§ **DATASET SECTION**:
━━━━━━━━
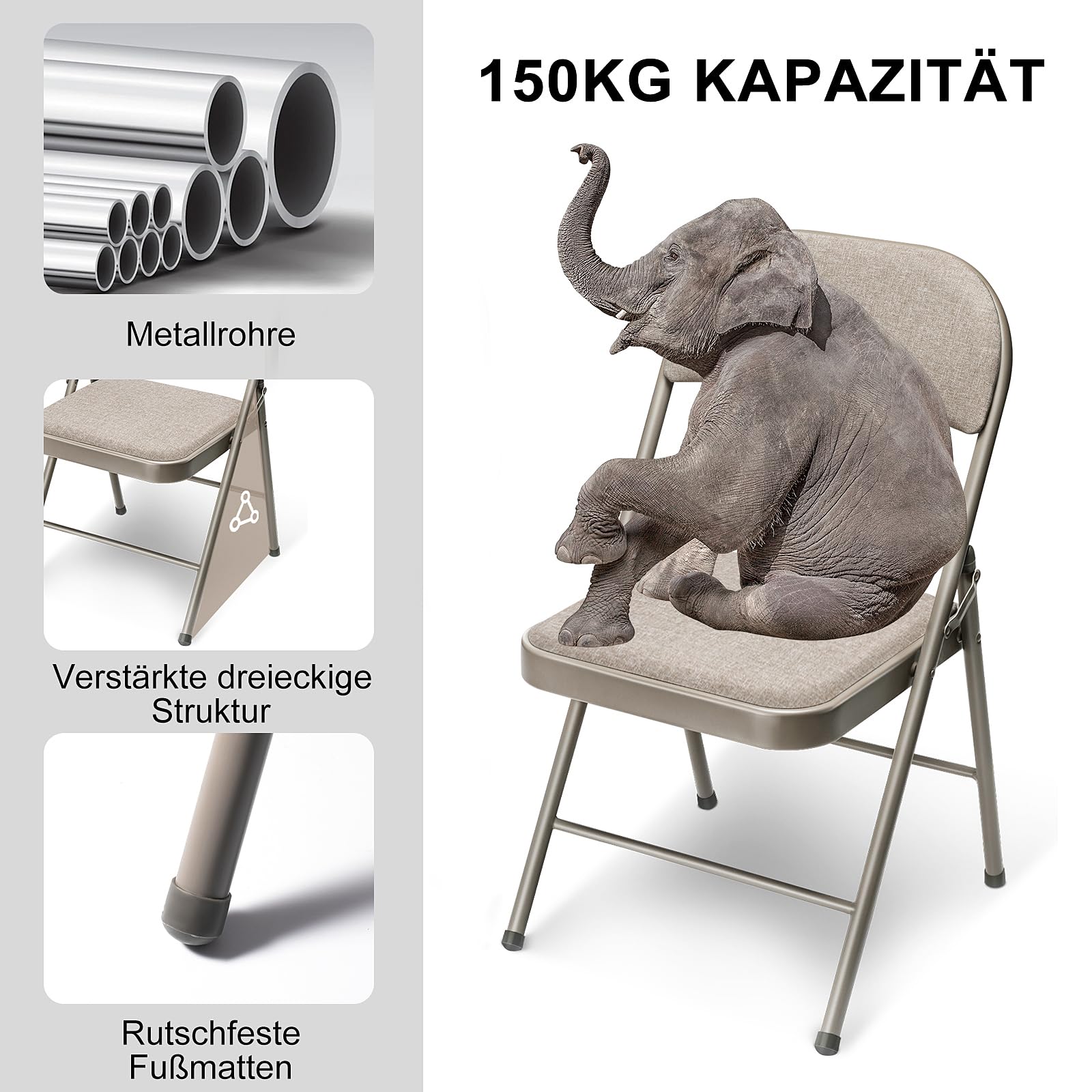 Set di 4 sedie da giardino impilabili, sedie pieghevoli da esterni e interno, sedie pieghevoli per giardini, campeggio, balconi, cucina, in metallo, portata fino a 150 kg, con tessuto cuscino, cachi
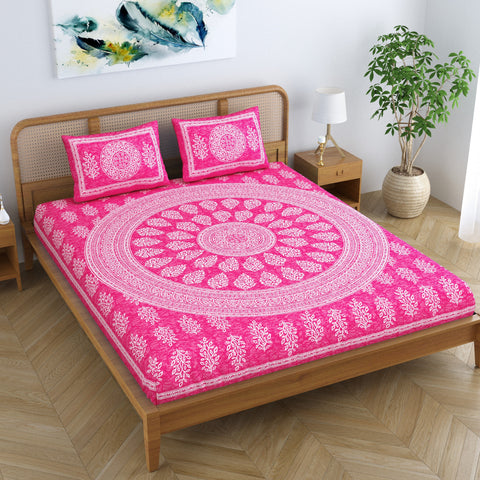 SheetKart Floral Motif 100% Cotton Double Bedsheet Jaipuri Printed Bed Cover with 2 Pillow Covers - Pink Pearl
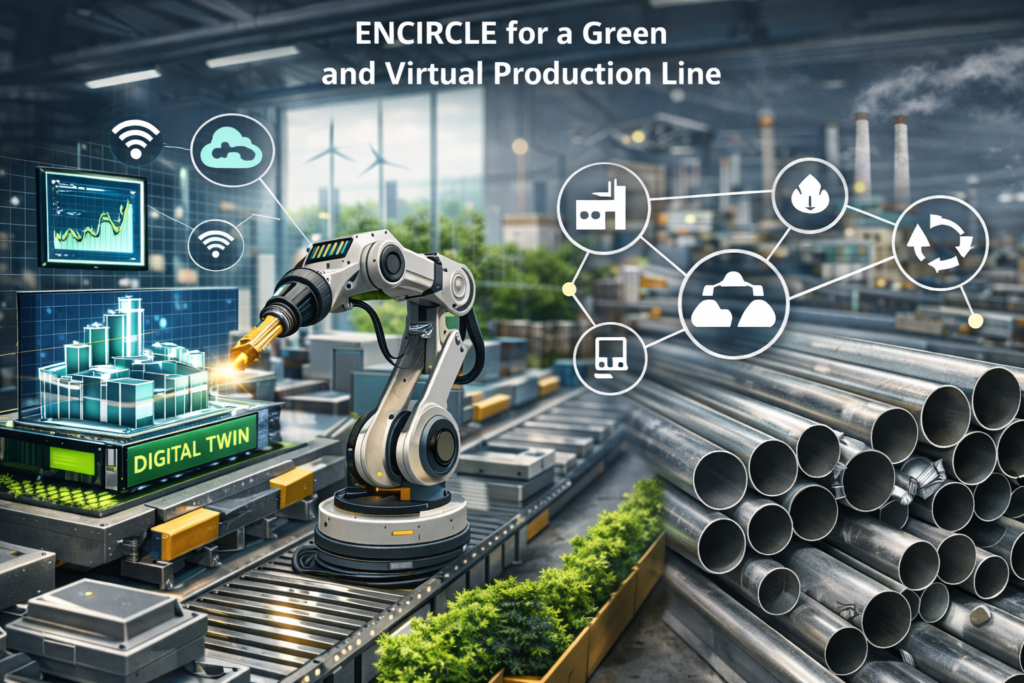 Robotic arm operating in an aluminium production facility with digital twin display.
━━━━━━━━
§ **WORK TASK**:
Repeat the material above word for word; no images go in the copy.

§ **RESULT BELOW**:
 Set di 4 sedie da giardino impilabili, sedie pieghevoli da esterni e interno, sedie pieghevoli per giardini, campeggio, balconi, cucina, in metallo, portata fino a 150 kg, con tessuto cuscino, cachi
 SheetKart Floral Motif 100% Cotton Double Bedsheet Jaipuri Printed Bed Cover with 2 Pillow Covers - Pink Pearl
 Robotic arm operating in an aluminium production facility with digital twin display.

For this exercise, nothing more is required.